» **TASK STATEMENT**
Omit the pictures and return exactly the stretch of the material below from the line with "Miniso Stitch Crispy" through the line with "Format Radar - Fill".

» **DATA FOR REVIEW**
=== Section Start ===
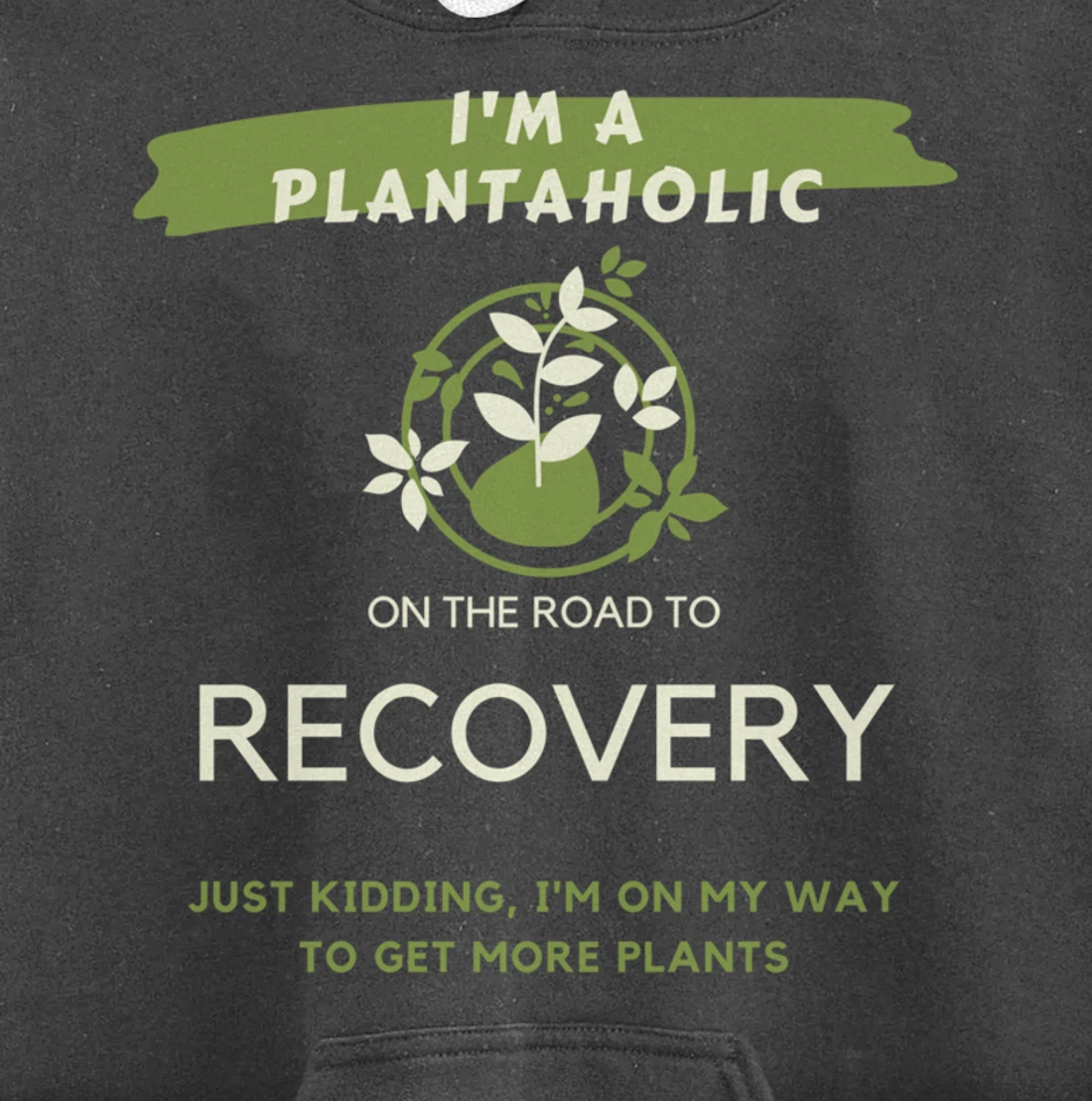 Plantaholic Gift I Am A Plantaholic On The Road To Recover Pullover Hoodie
=== Section End ===
=== Section Start ===
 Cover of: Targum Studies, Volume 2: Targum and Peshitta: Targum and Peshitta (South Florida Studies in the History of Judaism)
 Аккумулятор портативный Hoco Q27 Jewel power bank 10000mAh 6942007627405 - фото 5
=== Section End ===
=== Section Start ===
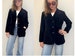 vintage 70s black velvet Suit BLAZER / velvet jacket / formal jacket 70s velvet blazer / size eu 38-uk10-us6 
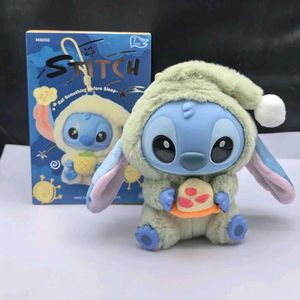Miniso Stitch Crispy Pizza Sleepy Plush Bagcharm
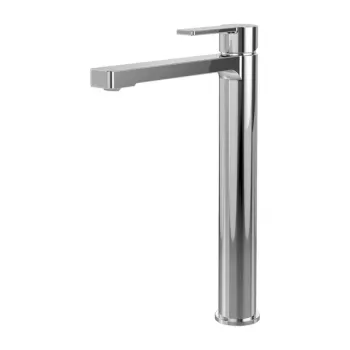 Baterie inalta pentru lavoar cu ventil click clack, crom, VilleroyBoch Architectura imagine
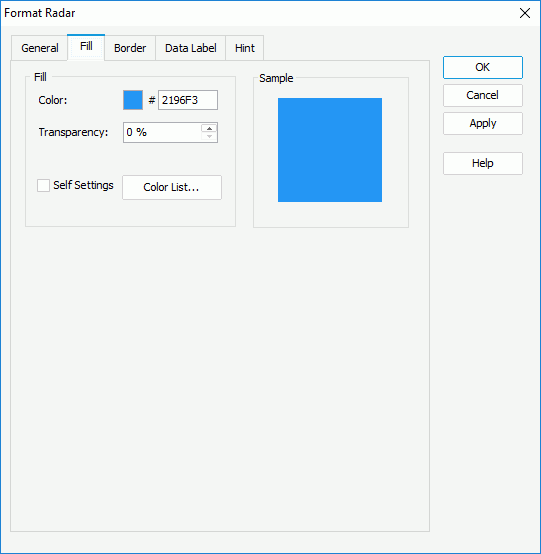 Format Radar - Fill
=== Section End ===
» **SOLVED EXERCISE**
Miniso Stitch Crispy Pizza Sleepy Plush Bagcharm
 Baterie inalta pentru lavoar cu ventil click clack, crom, VilleroyBoch Architectura imagine
 Format Radar - Fill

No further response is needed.